Y March no puede ser otro que el de April March, ese mes siamés con el que jugaba Borges en su Examen de la obra de Herbert Quain, en donde se nos advierte que no, que no hay ninguna marcha de abril, sino una subversión del calendario que se lleva por delante los idus, y que abre la posibilidad de las bifurcaciones y por tanto la de que las cosas que hubieran podido ser de otro modo hubieran sido, justamente, de otro modo.
Puesto que no participamos en realidad del amor, sino de su historia, sigamos el mandato de los arlequines (que juegan con la muerte y la brújula): inventemos la realidad. O al menos, si ya no nos quedan pinturas de colores en el estuche, hagamos lo que le pedía su madre a Nabokov, para hacer que su vida fuera memorable:
Vot zapomni,
es decir, ahora, recuerda, así luego la memoria tendrá algo que decirnos.

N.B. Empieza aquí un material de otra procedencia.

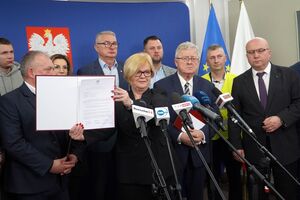 Польские чиновники и протестующие фермеры подписали соглашение 6 января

Porque en el lugar llamado Tres Minutos de Marzo, desde donde los días más claros puede avistarse Tristan Da Cunha, Herbert Quain escribió un libro que se llamaba El dios del laberinto y todos sabemos, y sobre todo Borges lo sabe, que el dios del laberinto es, por supuesto, una araña.

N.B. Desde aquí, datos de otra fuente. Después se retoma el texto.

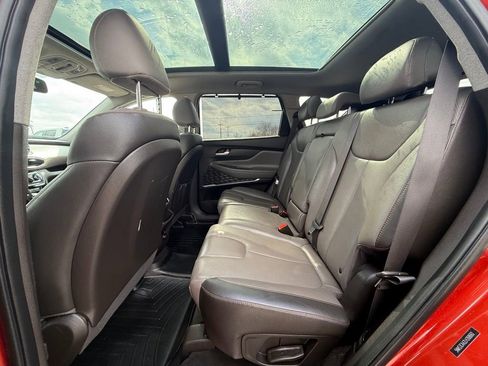 Used 2020 Hyundai Santa Fe SEL w/ Cargo Package image 24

Una migala, acaso, como en la historia de Cortázar.
Cómo me gustas eran esas tres palabras, con ese cómo que demuestra lo inexpresable de nuestro sentimiento. Cuánto te quiero, nos habremos dicho sin duda alguna vez, y ese cuánto significaba justamente lo incuantificable.

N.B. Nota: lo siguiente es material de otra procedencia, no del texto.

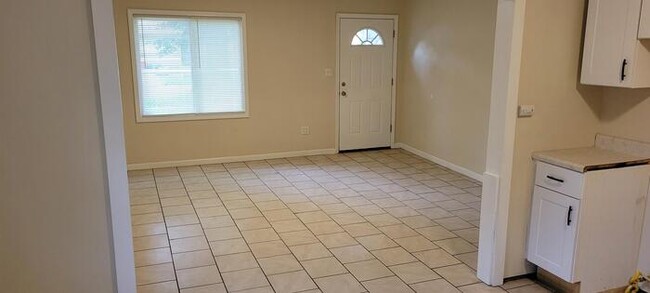 Photo - 1040 Matthews St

En uno de esos textos inolvidables (¿cuál no lo es?) de mi adorado Álvaro Mutis, el colombiano nos enfrenta una vez más, con sencillez sólo aparente, a la profundidad de la melancolía que articula nuestros corazones:
En el Crac de los Caballeros
de Rodas, cuyas ruinas se levantan en un acantilado cerca de Trípoli, hay una
tumba anónima que tiene la siguiente inscripción: “No era aquí”. No hay día que
no medite en estas palabras. Son tan claras y al mismo tiempo encierran todo el
misterio que nos es dado soportar.
Yo visité una vez un Crac de los Caballeros, en Siria (ay, Siria), que no sería ese mismo, pues hay varios por la zona, que remiten a la época de las Cruzadas. Recuerdo la mole inmensa en medio del desierto, la sensación clarísima de encontrarme en otro mundo, un mundo que no era necesariamente hostil, pero al que yo, mi pequeña persona, le resultaba profundamente indiferente.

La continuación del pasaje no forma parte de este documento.